Poet, novelist, and playwright R. Zamora Linmark is the author of the best-selling novel Rolling the R’s, the novel Leche, and three collections of poetry, Prime Time Apparitions, The Evolution of a Sigh, and Drive By Vigils. A recipient of numerous grants and fellowships, including two from the Fulbright Foundation, a Creative Writing Fellowship in Poetry from the National Endowment for the Arts, and a U.S.-Japan Friendship Commission, he has published in numerous journals and anthologies in the U.S. and the Philippines. His stage adaptation of Rolling the R’s premiered in Honolulu in 2008 to critical and commercial success. He has lectured and taught, as a distinguished visiting professor in Creative Writing, in universities in the U.S. and the Philippines. Linmark divides his time between Manila and Honolulu.
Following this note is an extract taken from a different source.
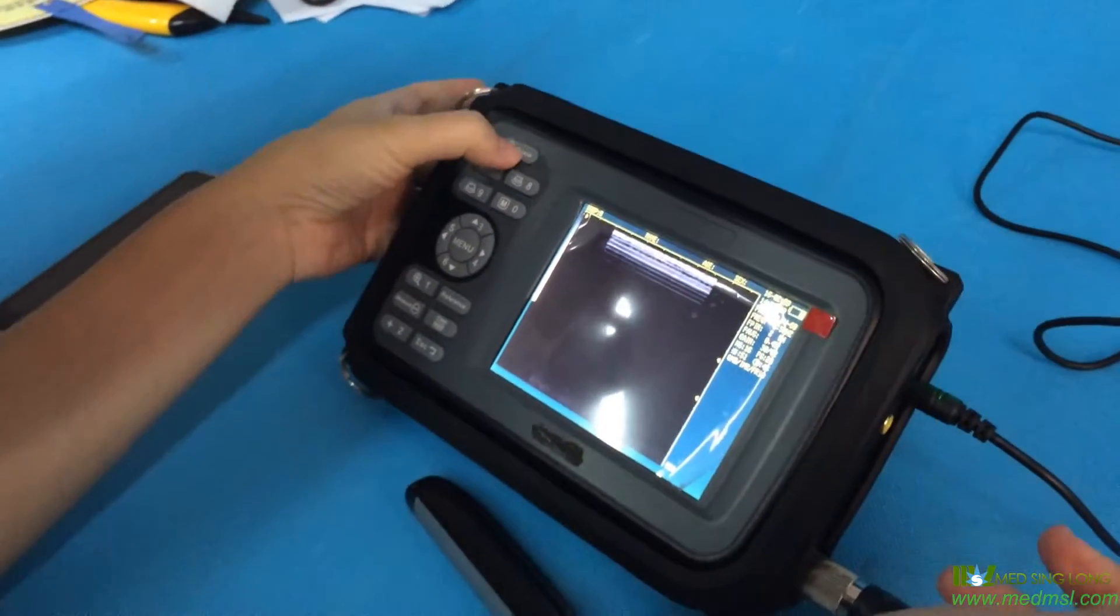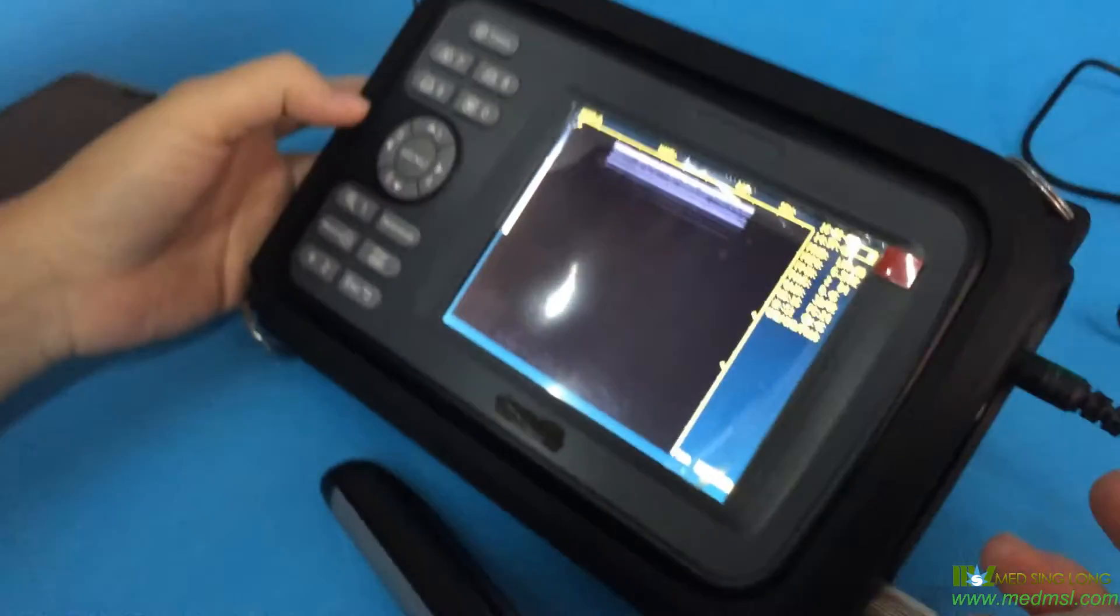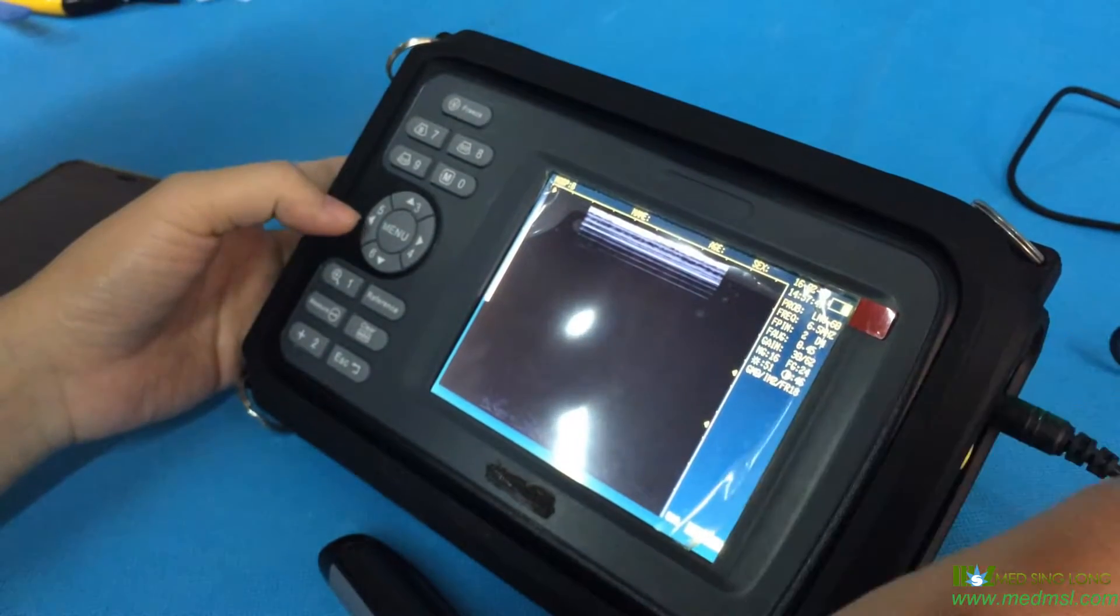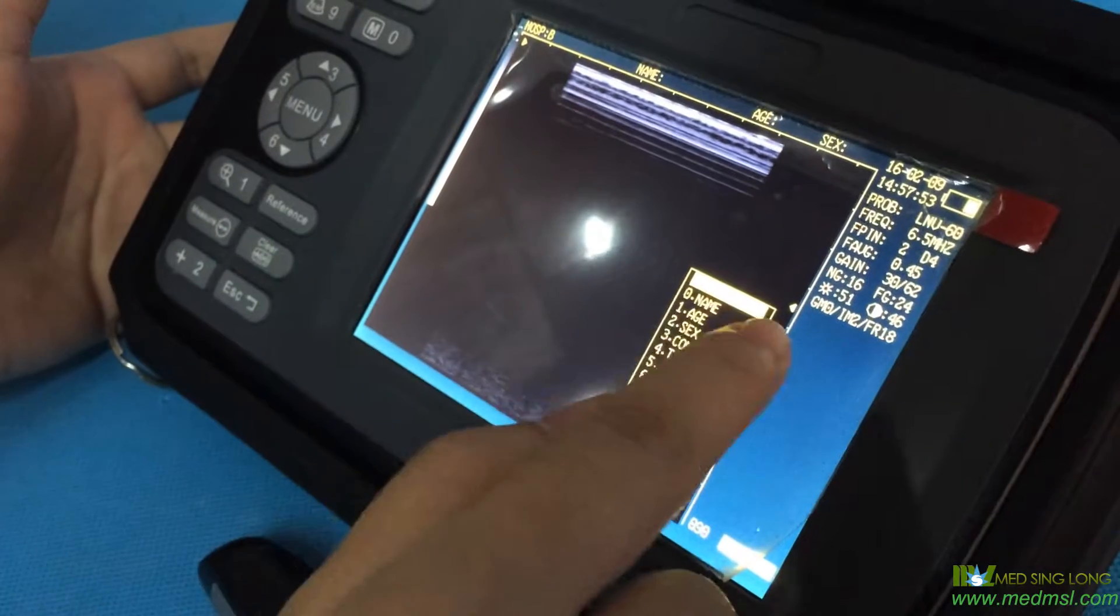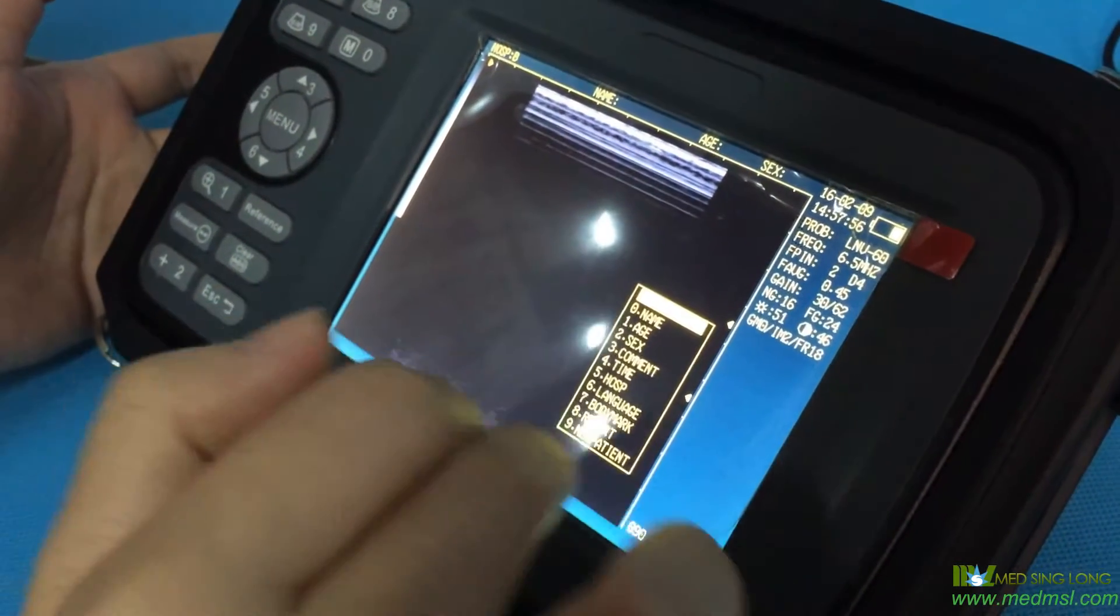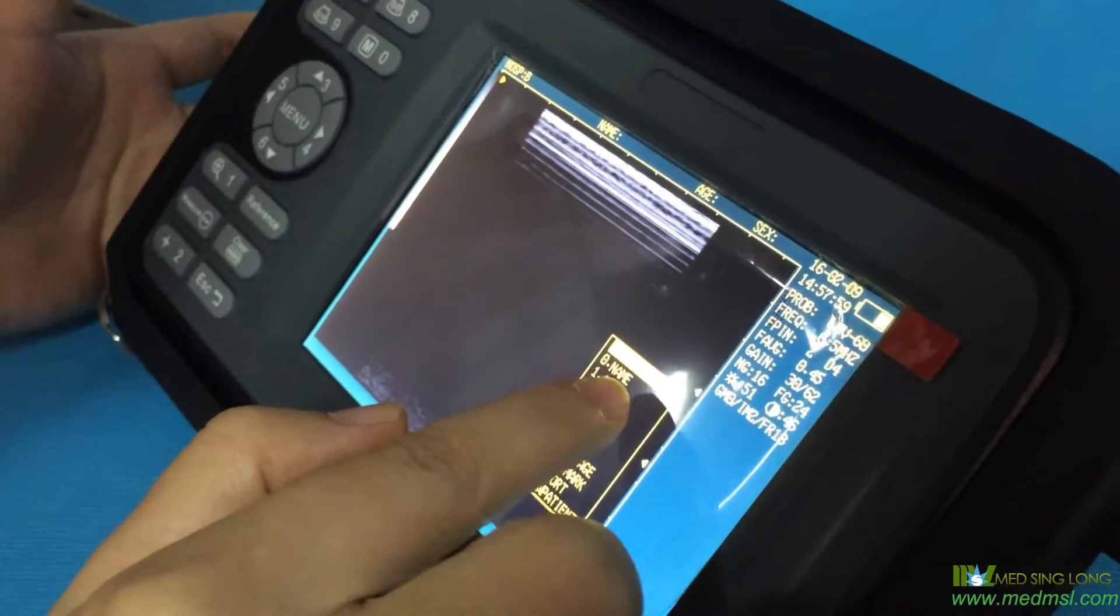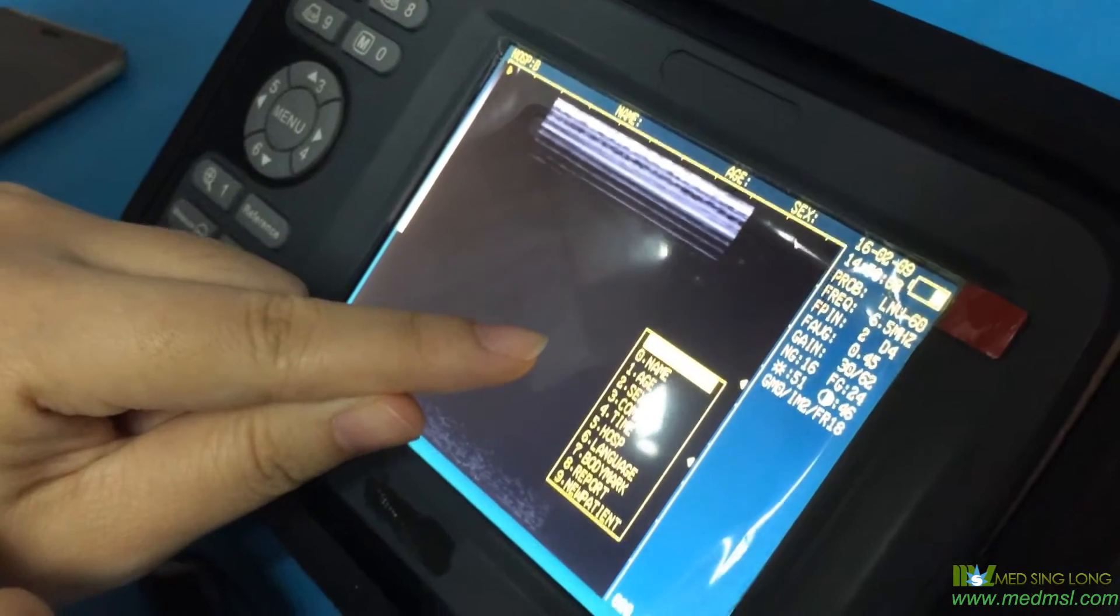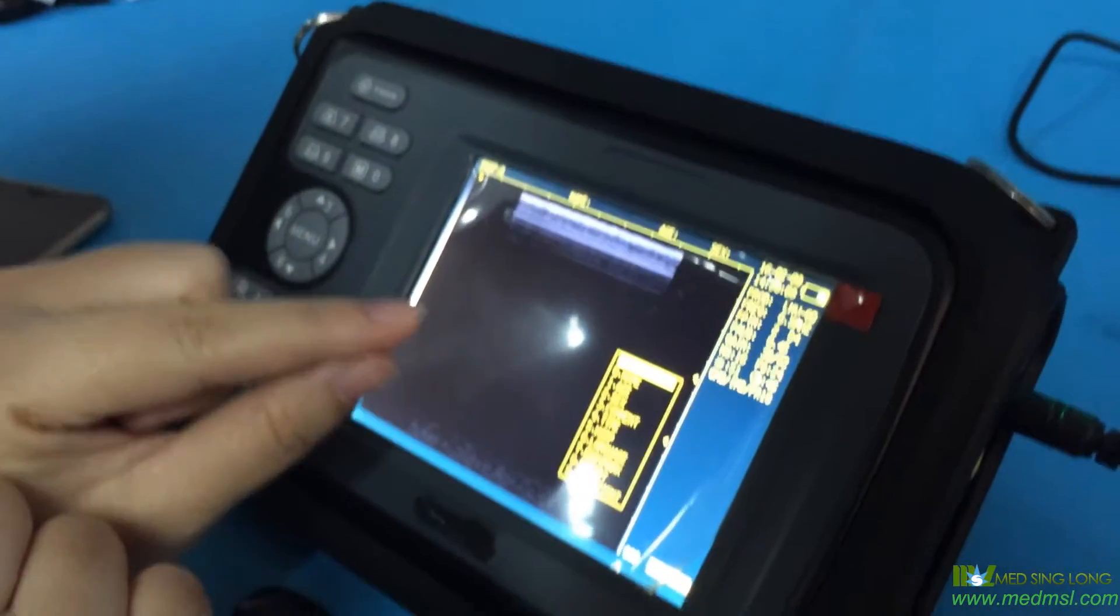Then we push the menu button again, and you can see there are many items on the screen. Zero is name, number one is age, number two is sex. If you want to write down the animal name, you need to push the zero button.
Bich Minh Nguyen is the author of three books, all with Viking Penguin. Short Girls, a novel, was an American Book Award winner in fiction and a Library Journal best book of the year. Stealing Buddha's Dinner, a memoir, received the PEN/Jerard Award from the PEN American Center and was a Chicago Tribune Best Book of the Year. Stealing Buddha's Dinner has been featured as a common read selection within numerous communities and universities. Nguyen's work has also appeared in publications including The New York Times and the FOUND Magazine anthology. Her most recent novel is Pioneer Girl. She has also coedited three anthologies: 30/30: Thirty American Stories from the Last Thirty Years; Contemporary Creative Nonfiction: I & Eye; and The Contemporary American Short Story. Nguyen has taught fiction and creative nonfiction in the MFA Program at Purdue University and the MFA in Writing Program at the University of San Francisco. She and her family live in the Bay Area.